Generally speaking, a non-transitory computer readable storage medium may include any storage media accessible by a computer during use to provide instructions and/or data to the computer. For example, a non-transitory computer readable storage medium may include storage media such as magnetic or optical media, e.g., disk (fixed or removable), tape, CD-ROM, DVD-ROM, CD-R, CD-RW, DVD-R, DVD-RW, or Blu-Ray. Storage media may further include volatile or non-volatile memory media such as RAM (e.g., synchronous dynamic RAM (SDRAM), double data rate (DDR, DDR2, DDR3, etc.) SDRAM, low-power DDR (LPDDR2, etc.) SDRAM, Rambus DRAM (RDRAM), static RAM (SRAM)), ROM, non-volatile memory (e.g., Flash memory) accessible via a peripheral interface such as the USB interface, etc. Storage media may include micro-electro-mechanical systems (MEMS), as well as storage media accessible via a communication medium such as a network and/or a wireless link.
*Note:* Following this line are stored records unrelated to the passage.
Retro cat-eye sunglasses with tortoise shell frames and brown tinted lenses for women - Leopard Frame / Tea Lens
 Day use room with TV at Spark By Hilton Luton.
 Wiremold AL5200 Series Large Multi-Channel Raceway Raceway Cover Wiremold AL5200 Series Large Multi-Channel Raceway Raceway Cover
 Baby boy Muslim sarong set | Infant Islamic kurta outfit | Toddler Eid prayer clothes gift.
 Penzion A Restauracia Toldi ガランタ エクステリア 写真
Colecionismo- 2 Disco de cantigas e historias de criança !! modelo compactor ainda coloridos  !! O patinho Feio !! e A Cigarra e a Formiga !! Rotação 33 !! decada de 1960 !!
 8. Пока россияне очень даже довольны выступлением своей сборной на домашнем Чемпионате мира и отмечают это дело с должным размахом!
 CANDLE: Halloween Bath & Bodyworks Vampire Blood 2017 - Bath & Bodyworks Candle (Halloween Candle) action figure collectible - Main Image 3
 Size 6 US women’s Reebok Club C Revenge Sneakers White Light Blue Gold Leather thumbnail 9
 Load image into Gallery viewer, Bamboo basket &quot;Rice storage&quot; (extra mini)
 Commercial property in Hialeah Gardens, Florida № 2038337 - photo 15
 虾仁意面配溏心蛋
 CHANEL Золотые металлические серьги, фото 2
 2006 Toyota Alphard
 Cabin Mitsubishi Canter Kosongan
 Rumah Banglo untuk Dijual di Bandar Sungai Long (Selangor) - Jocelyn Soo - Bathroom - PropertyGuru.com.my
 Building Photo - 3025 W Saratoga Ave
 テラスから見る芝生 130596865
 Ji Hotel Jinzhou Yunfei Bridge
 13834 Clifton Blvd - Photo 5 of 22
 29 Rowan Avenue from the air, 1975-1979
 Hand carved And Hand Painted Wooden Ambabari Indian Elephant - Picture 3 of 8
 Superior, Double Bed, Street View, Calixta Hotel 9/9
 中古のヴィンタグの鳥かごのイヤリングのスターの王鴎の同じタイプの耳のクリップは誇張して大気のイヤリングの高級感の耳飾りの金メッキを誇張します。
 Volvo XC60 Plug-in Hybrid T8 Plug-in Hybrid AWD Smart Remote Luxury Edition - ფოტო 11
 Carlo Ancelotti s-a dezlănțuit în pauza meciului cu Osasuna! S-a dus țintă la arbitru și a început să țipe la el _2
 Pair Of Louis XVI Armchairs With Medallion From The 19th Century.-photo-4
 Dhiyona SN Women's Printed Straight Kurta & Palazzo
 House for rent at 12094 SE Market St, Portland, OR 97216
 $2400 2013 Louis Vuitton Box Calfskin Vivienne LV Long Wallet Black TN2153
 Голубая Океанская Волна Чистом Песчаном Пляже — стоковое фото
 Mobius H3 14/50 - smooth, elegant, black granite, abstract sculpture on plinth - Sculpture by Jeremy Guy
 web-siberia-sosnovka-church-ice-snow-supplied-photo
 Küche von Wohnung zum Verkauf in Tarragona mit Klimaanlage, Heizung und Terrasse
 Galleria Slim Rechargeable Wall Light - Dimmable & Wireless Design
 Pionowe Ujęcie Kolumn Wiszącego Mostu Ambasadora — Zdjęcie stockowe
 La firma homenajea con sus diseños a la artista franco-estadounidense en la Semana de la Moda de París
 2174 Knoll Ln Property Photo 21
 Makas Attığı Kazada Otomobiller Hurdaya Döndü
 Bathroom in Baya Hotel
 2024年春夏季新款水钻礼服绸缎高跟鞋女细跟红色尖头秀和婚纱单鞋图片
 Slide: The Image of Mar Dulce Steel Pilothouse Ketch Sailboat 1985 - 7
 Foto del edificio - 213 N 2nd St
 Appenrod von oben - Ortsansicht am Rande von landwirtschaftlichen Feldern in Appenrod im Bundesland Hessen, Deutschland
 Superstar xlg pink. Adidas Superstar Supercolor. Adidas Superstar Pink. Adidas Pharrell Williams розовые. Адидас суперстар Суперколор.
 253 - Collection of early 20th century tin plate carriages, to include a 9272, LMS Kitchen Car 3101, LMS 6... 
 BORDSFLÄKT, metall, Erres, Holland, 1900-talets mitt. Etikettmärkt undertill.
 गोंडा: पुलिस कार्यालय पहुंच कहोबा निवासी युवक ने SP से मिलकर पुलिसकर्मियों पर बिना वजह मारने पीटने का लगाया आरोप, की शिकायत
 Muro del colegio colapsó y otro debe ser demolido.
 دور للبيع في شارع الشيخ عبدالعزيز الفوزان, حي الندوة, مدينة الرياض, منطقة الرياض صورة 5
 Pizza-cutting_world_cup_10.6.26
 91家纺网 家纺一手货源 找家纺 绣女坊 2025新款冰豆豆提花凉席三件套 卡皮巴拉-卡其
In other embodiments, the program instructions that represent the described methods and mechanisms may be a behavioral-level description or register-transfer level (RTL) description of hardware functionality in a hardware design language (HDL) such as Verilog or VHDL. The description may be read by a synthesis tool which may synthesize the description to produce a netlist comprising a list of gates from a synthesis library. The netlist comprises a set of gates which also represent the functionality of the hardware comprising the system. The netlist may then be placed and routed to produce a data set describing geometric shapes to be applied to masks. The masks may then be used in various semiconductor fabrication steps to produce a semiconductor circuit or circuits corresponding to the system. Alternatively, the database on the computer accessible storage medium may be the netlist (with or without the synthesis library) or the data set, as desired. While a computer accessible storage medium may carry a representation of a system, other embodiments may carry a representation of any portion of a system, as desired, including an IC, any set of programs (e.g., API, DLL, compiler) or portions of programs.
Types of hardware components, processors, or machines which may be used by or in conjunction with the present invention include ASICs, FPGAs, microprocessors, or any integrated circuit. Such processors may be manufactured by configuring a manufacturing process using the results of processed HDL instructions (such instructions capable of being stored on a computer readable medium). The results of such processing may be maskworks that are then used in a semiconductor manufacturing process to manufacture a processor which implements aspects of the methods and mechanisms described herein.
Although the features and elements are described in the example embodiments in particular combinations, each feature or element can be used alone without the other features and elements of the example embodiments or in various combinations with or without other features and elements. It should also be emphasized that the above-described embodiments are only non-limiting examples of implementations. Numerous variations and modifications will become apparent to those skilled in the art once the above disclosure is fully appreciated. It is intended that the following claims be interpreted to embrace all such variations and modifications.